Sozialdemokraten über Groko-Einigung:"Mir blutet das Herz"

Sozialdemokraten über Groko-Einigung: Blicken dem Mitgliedervotum mit gemischten Gefühlen entgegen: Vorsitzende von Juso- und SPD-Ortsvereinen.

Blicken dem Mitgliedervotum mit gemischten Gefühlen entgegen: Vorsitzende von Juso- und SPD-Ortsvereinen.

(Foto: privat(6); Bearbeitung SZ)

Überall in Deutschland diskutieren SPD-Ortsvereine den Koalitionsvertrag. Wie stimmen ihre Vorsitzenden beim Mitgliedervotum ab und warum?

Protokolle von Max Ferstl

SPD und Union haben sich auf einen Koalitionsvertrag geeinigt. Doch noch steht nicht fest, dass es erneut zu einer großen Koalition kommt. Eine letzte Hürde gilt es zu überwinden: den Mitgliederentscheid der SPD. In den kommenden Wochen dürfen 463 723 SPD-Mitglieder über den ausgehandelten Vertrag abstimmen. Die Parteispitze gibt sich optimistisch. Sie wird auf Werbetour für die große Koalition durch das Land ziehen. Man könne sehr zuversichtlich vor die Mitglieder treten, sagte Bundesfamilienministerin Katarina Barley am Mittwoch. Doch auch Groko-Gegner, allen voran Juso-Chef Kevin Kühnert, machen mobil.

Die Aussicht auf vier weitere Jahre Groko löst in den Ortsvereinen keine Begeisterung aus.
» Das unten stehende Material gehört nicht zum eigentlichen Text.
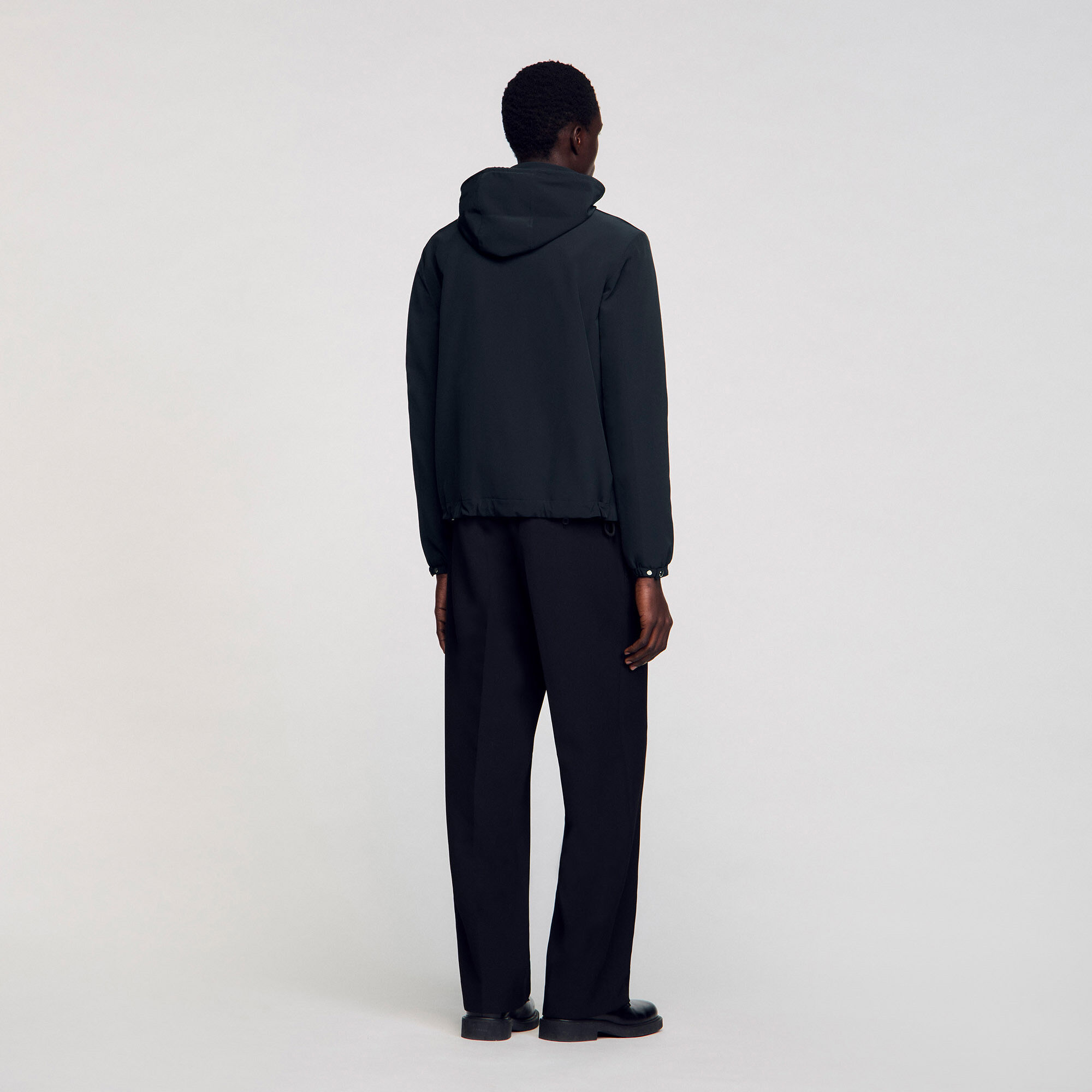 Blouson zippé à capuche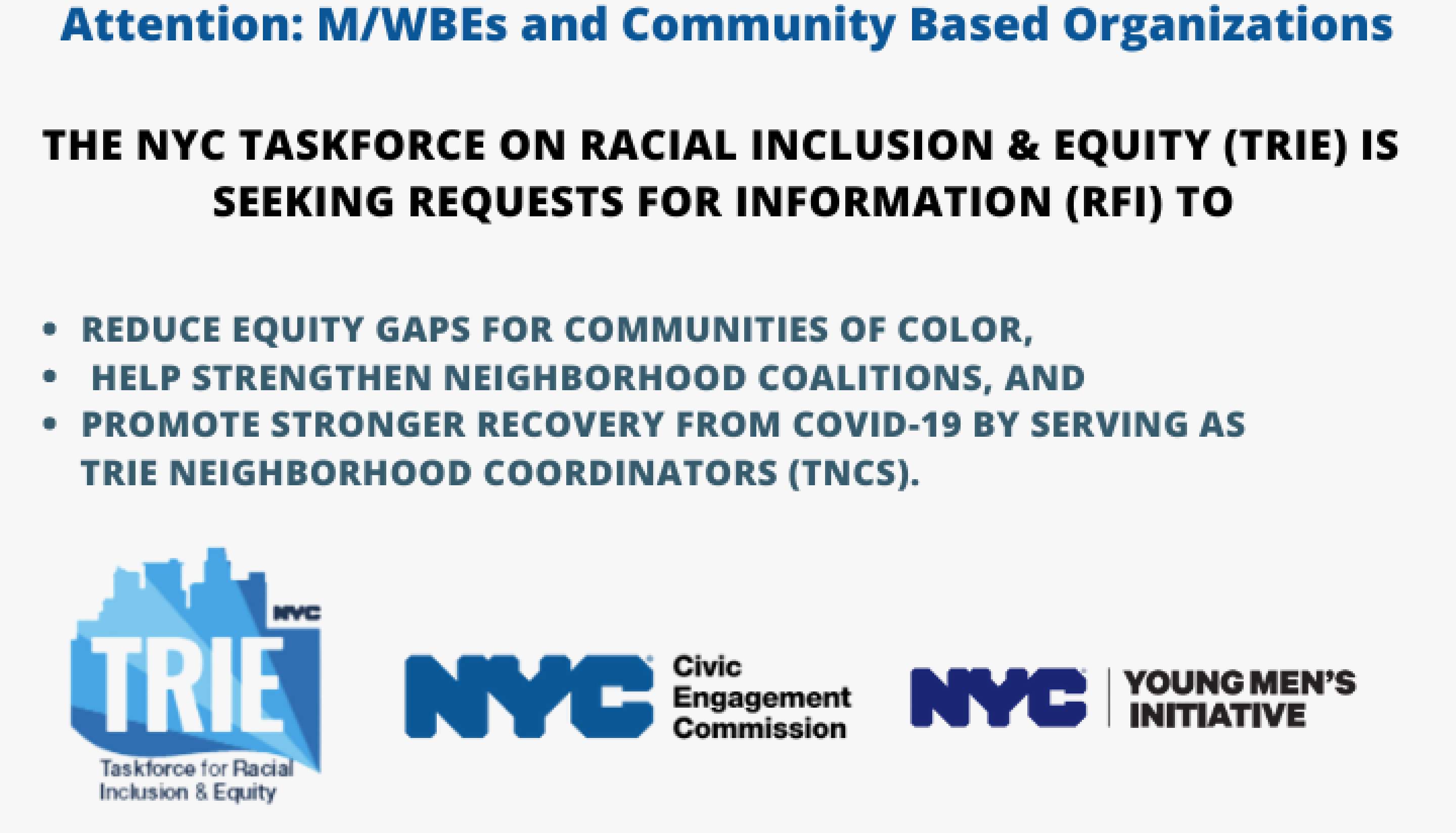 Banner Photo:  Taskforce on Racial Inclusion & Equity Seeks Info from Local Orgs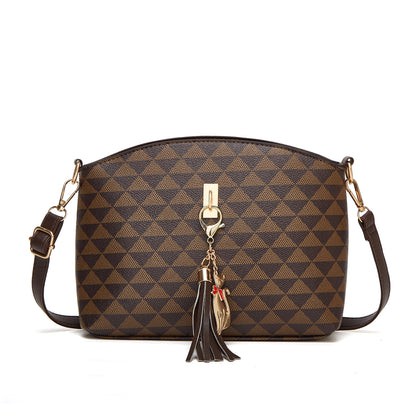 Sac pour femmes nouvelle Texture à la mode et haut de gamme épaule unique croix Oblique sac à main européen et américain pour femmes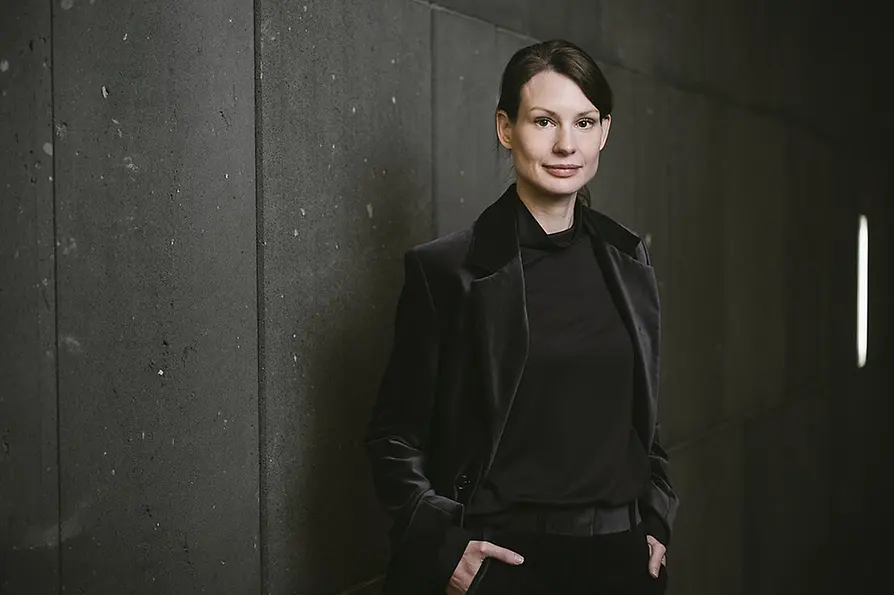Portrait of mumok´s General Director Fatima Hellberg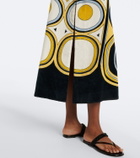 La DoubleJ Totem printed cotton midi dress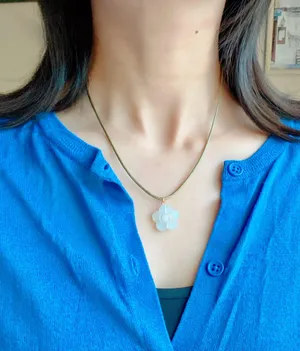 Handmade simple flower fairy cottage boho cute necklace🌼 thumbnail 7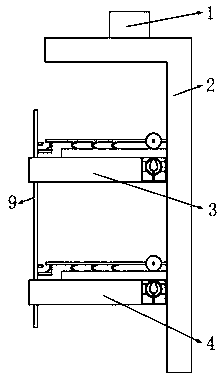 Building direct jump type escape device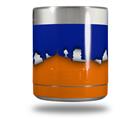 Skin Decal Wrap for Yeti Rambler Lowball - Ripped Colors Blue Orange (CUP NOT INCLUDED)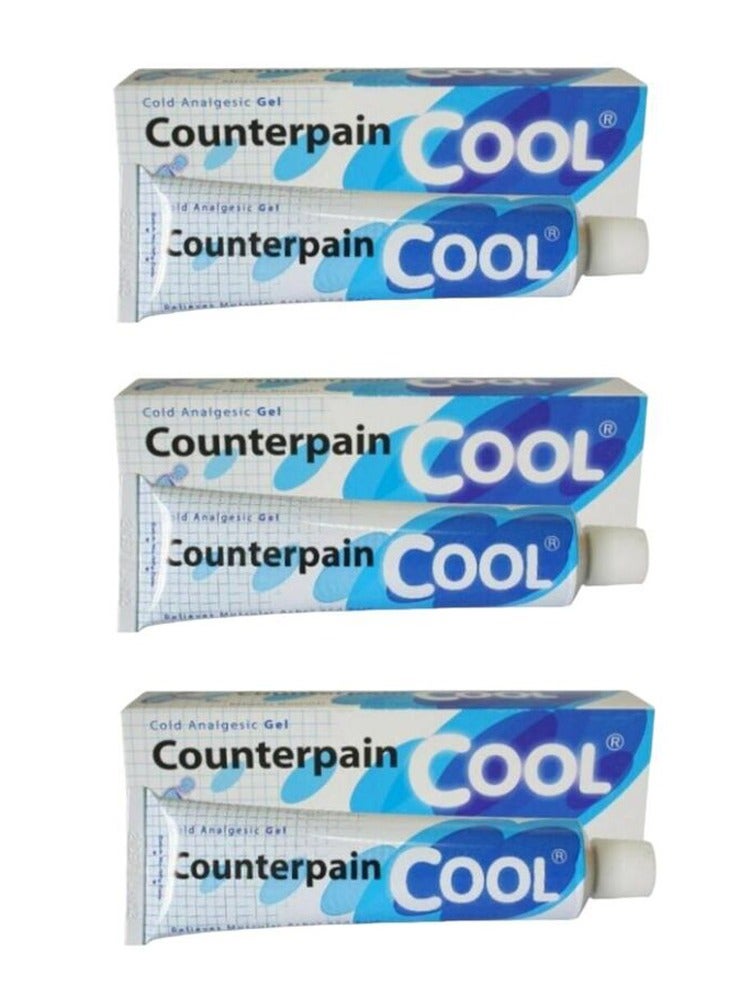 Counterpain جل مسكن بارد يخفف آلام العضلات وآلامها 3×120 جم - Image 1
Die Meinungen der Ortsvorsitzenden schwanken zwischen Pragmatismus, rigoroser Ablehnung und Unentschlossenheit. Eine Auswahl von Stimmen aus ganz Deutschland.

Sozialdemokraten über Groko-Einigung: Felix Göhler vermisst im Koalitionsvertrag die "großen Themen der Zukunft". Sein Votum: Nein!

Felix Göhler vermisst im Koalitionsvertrag die "großen Themen der Zukunft". Sein Votum: Nein!

(Foto: privat; Bearbeitung SZ)

Felix Göhler, 29, Verwaltungsangestellter, Vorsitzender des Ortsvereins Dresden-Neustadt: Ich lehne eine erneute Groko ab. Es hätte bei den Koalitionsverhandlungen schon sehr viel herauskommen müssen, damit meine grundsätzlichen Bedenken verschwinden. Dabei geht es gar nicht um einzelne Trophäen oder um kleine Verbesserungen des Status Quo, sondern um die großen Themen der Zukunft: Digitalisierung, Automatisierung, Klimawandel. Es gibt düstere Prognosen, dass in den kommenden Jahrzehnten sehr viele Arbeitsplätze wegfallen werden. Was ist unser Entwurf für eine solidarische Gesellschaft im 21. Jahrhundert? Der Koalitionsvertrag gibt darauf keine Antwort. Das geht in der aktuellen Personaldebatte zu sehr unter. Mir sind die Personen egal. Ich bin gegen den Koalitionsvertrag, weil ihm das große Zukunftsbild fehlt. In meinem Ortsverein gibt es auch Leute, die das anders sehen. Aber die Grundstimmung ist eindeutig gegen eine Groko.

Sozialdemokraten über Groko-Einigung: Brigitta Wölk ist zwar "kein Freund der Groko", aber sie sieht keine Alternativen. Ihr Votum: Ja!

Brigitta Wölk ist zwar "kein Freund der Groko", aber sie sieht keine Alternativen. Ihr Votum: Ja!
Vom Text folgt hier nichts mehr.